● **The problem**
Each entry that follows is to be retyped exactly. Pictures do not belong in the copy.

+++ Extracted entries +++

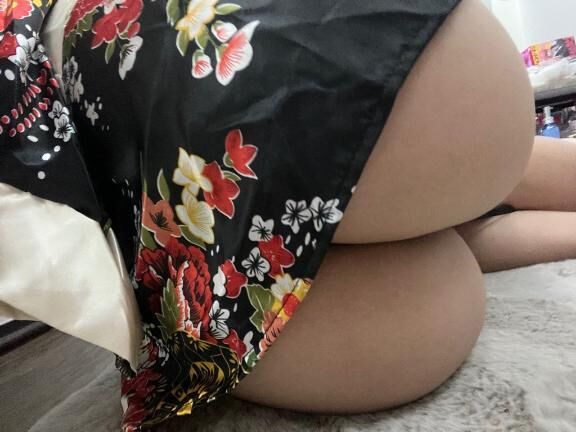 しゅっきんび&#9825;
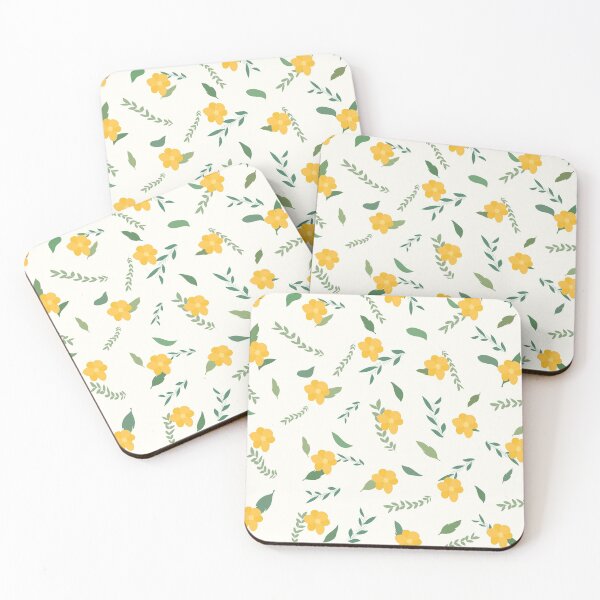 Item preview, Flowerpattern Flowerlover Flowery Pattern Flowerdesign Floraldesign Floralpattern Flowerlover designed and sold by KLINESTORE.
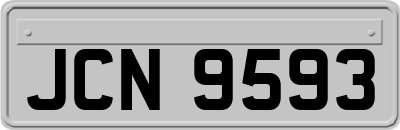 JCN9593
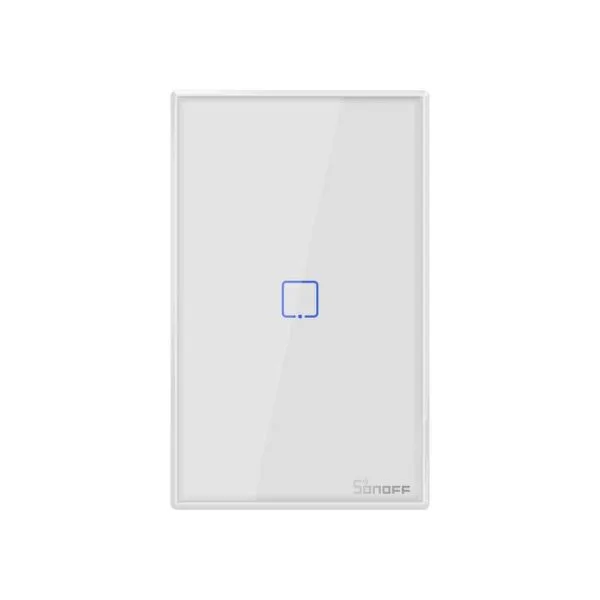 Sonoff Smart Light Switch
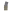Warrior Single Quick Mag Ranger Green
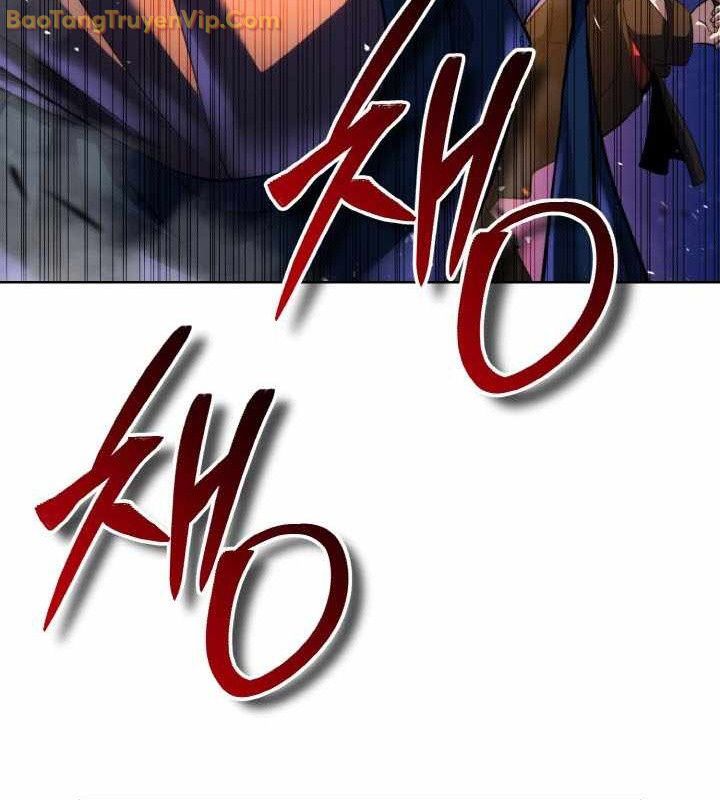 Đệ Tử Của Võ Lâm Minh Chủ - Page 167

+++

● **Expected answer**
 しゅっきんび&#9825;
 Item preview, Flowerpattern Flowerlover Flowery Pattern Flowerdesign Floraldesign Floralpattern Flowerlover designed and sold by KLINESTORE.
 JCN9593
 Sonoff Smart Light Switch
Warrior Single Quick Mag Ranger Green
 Đệ Tử Của Võ Lâm Minh Chủ - Page 167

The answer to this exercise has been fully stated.